Ποιειν Και Πραττειν - create and do



This study about ‘successful cultural planning strategies’ is based on numerous, equally unusual experiences. Until most recently it was not common practice for professional planners and city officials to take culture into consideration when planning interventions into the city's fabric and structure. Since the cultural dimension contains as well reflective approaches to the role of the arts and culture in the life of a city, planning cannot be understood if it does not include this philosophical angle of further going reflections. For what citizens image their city could be, that differs from what usually planners conceive in conjunction with financial interests wishing to develop the city in but only a certain way. Thus reflection of the imagination is crucial as is in the final end the self understanding by which citizens move about and live in the city. All the more reason to think about one key departure point, namely Lewis Mumford's 'the Story of the City' and his reasoning for a need to have a city museum which preserves the memories of lived through stories in the city.

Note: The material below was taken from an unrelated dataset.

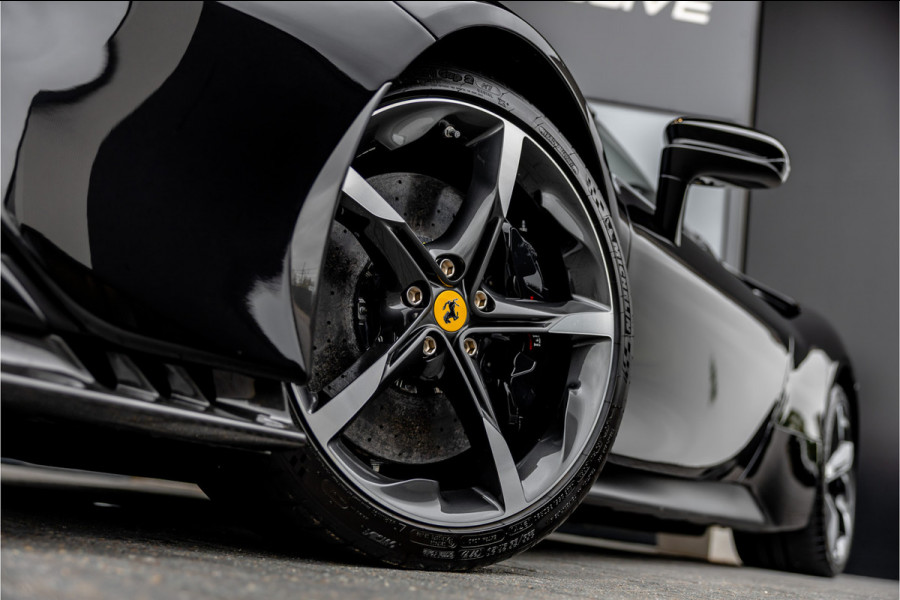 Ferrari SF90 Spider 4.0 V8 - Nieuwe Auto | Origineel NL | Lift | Full Carbon | Nero Daytona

The link between culture and space started to become a focal point at the Aegean Seminars which started in Naxos 1983 and have continued to do so till the present. The important development in these seminars was that topics of discussions were marked at first only by critical planners and geographers interested in theories of space. But then happened what became known as the ‘cultural turn’. It altered the approach to how urban spaces are used and planned for. The 'cultural turn' was first provoked by one geographer expounding in Samos 1987 the simple thesis that urban mobility can be explained by cultural needs being satisfied or not; if people feel their cultural needs are not fulfilled within the immediate vicinity they live in, they move either to another part of town or leave the city altogether.

Thus there is already one indicator, namely if culture is sufficiently provided for by a city? This means not merely, if the city has but one theatre and perhaps several cinemas, but something more and which can be called a distinct cultural atmosphere. It would include lively neighborhoods with children playing in the streets and parents not afraid for them due to cars. More so it would mean the citizens identify with the city in a way that can be linked with their 'cultural well-being', even though this term is most evasive and never a sound policy concept. However, it is an indication of something and therefore in need to be taken further into consideration when planning the future of the city.

Above all any city must take care to come to terms with the more encompassing sense of culture based on real life expectations citizens have and while pursuing an active life so that their lived through experiences forms a narrative within the city's cultural fabric.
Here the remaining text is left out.